Ashurst’s hopes of stabilising its European practice have been dealt a body blow with Gibson, Dunn & Crutcher today (8 June) recruiting a four-partner team from its Paris arm. The move – which comes just months after a five-partner corporate team quit Ashurst’s Paris outpost for Freshfields Bruckhaus Deringer  – sees a team led by litigation and restructuring partner Jean-Pierre Farges decamp to the US-based giant.

The new team will launch a French litigation and finance practice for Gibson Dunn. Farges is joined by fellow disputes partners Pierre-Emmanuel Fender and Eric Bouffard, corporate partner Bertrand Delaunay and finance counsel Amanda Bevan. The move leaves Ashurst with 10 partners in the French capital.

Ashurst’s French practice had billed roughly £25m in recent years, a figure that looks set to be substantially depleted by this year’s run of departures. The team that quit for Freshfields in February was believed to control around £8m a year in business.

Following the Freshfields exits, Ashurst recruited Linklaters’ leveraged finance senior associate Pierre Roux in Paris, promoting him to partner. Paris-based employment lawyer Nataline Fleury was also made up to partner in the firm’s promotion round this year. The departures come after a troubled period for Ashurst, which has been hit by internal discord and falling profits after a punishing 2015/16 financial year.

Ashurst managing partner Paul Jenkins told Legal Business that the firm is currently in the process of appointing another lateral to the office: ‘We are in the middle of a rebuild process for the office. This move has been expected for some time and we still have a very strong office led by Philippe None, who has been actively out in the market helping me with this process. We’ve already hired Pierre Roux from Linklaters and we’ve also brought through an internal candidate, with another announcement to be made shortly.’

Gibson Dunn in January added a four-lawyer French team from Allen & Overy led by partner Ahmed Baladi, who advises information technology, outsourcing, data privacy and cybersecurity.

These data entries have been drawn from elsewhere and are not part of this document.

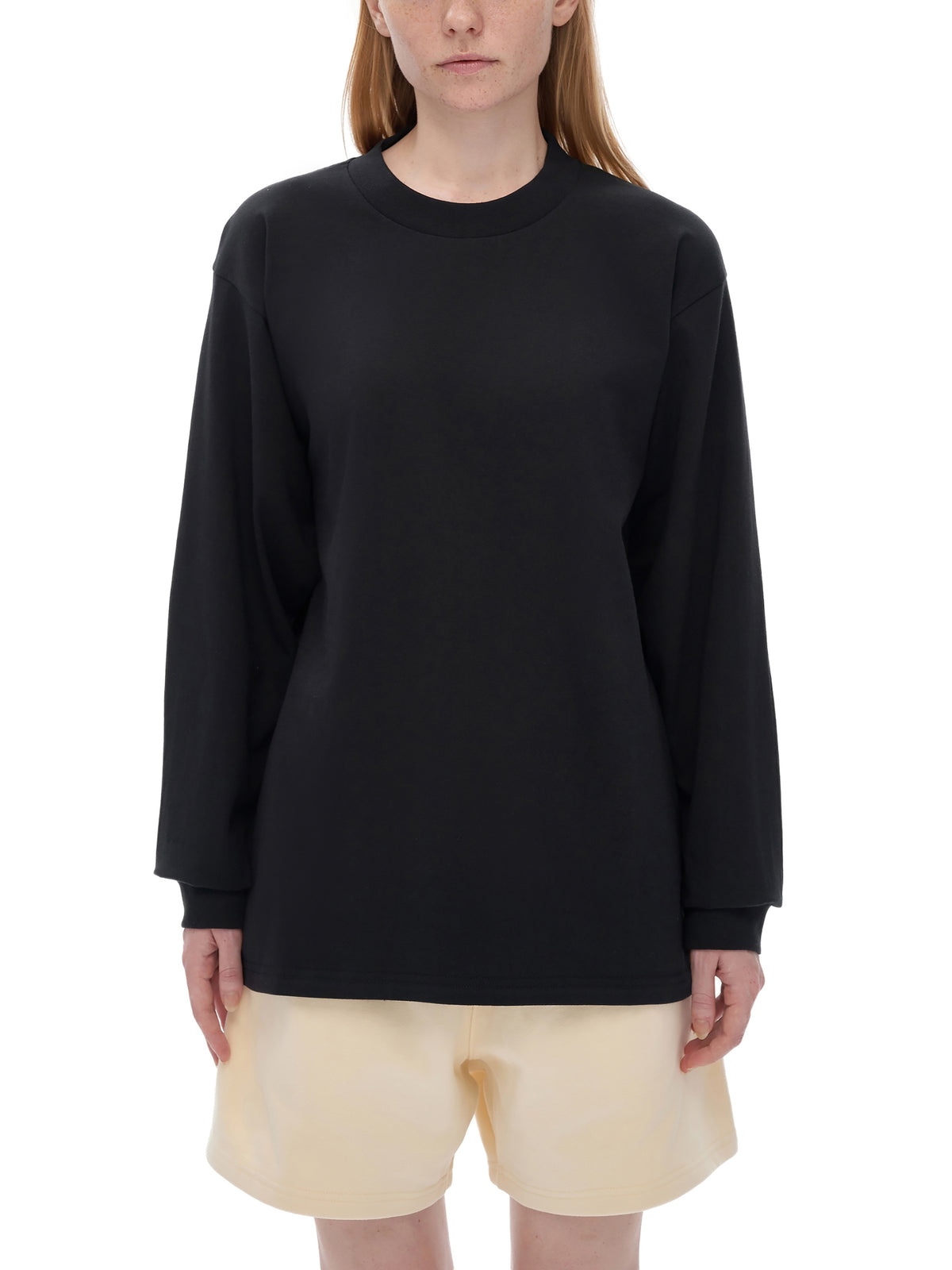 Off Script Crew Neck Drop Shoulder Long Sleeve Shirt - Black female model front view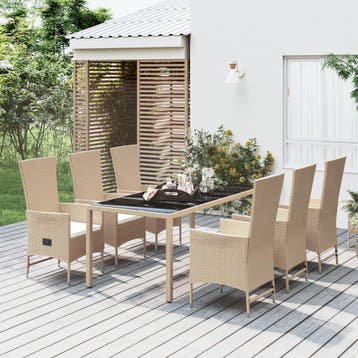vidaXL 7-delige Tuinset met kussens poly rattan beige, Verzenden, Nieuw, Tuinset
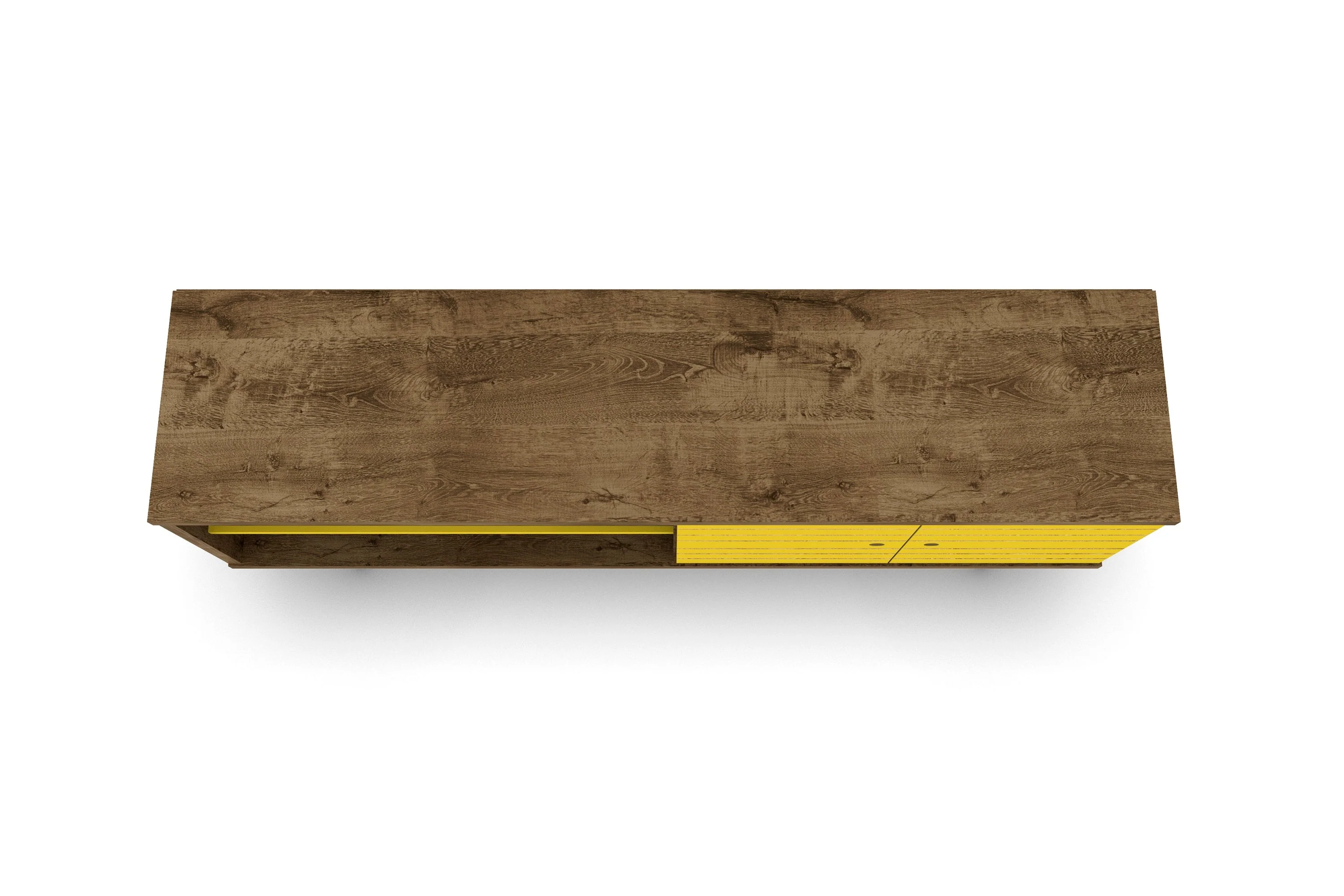 Liberty 62.99" Mid-Century Modern TV Stand in Rustic Brown and Yellow - Image 7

Gibson Dunn chair and managing partner Ken Doran said the latest team recruitment was a ‘transformational step in the development of our Paris office by adding strong litigation, arbitration, restructuring and finance capabilities.’

Gibson Dunn Paris head Bernard Grinspan commented: ‘For about six years we’ve been looking to expand in litigation because that is our main strength in the US. We spoke to quite a few teams, we seriously spoke to three or four, and this was far the best. They’re very good, they have the added interest of wanting to combine restructuring and litigation, and they also have a superb finance lawyer [in] Amanda. We’re killing two birds with one stone.’

The top 20 US law firm also opened its Frankfurt office in June last year with the hire of corporate partners Dirk Oberbracht and Wilhelm Reinhardt from Latham & Watkins.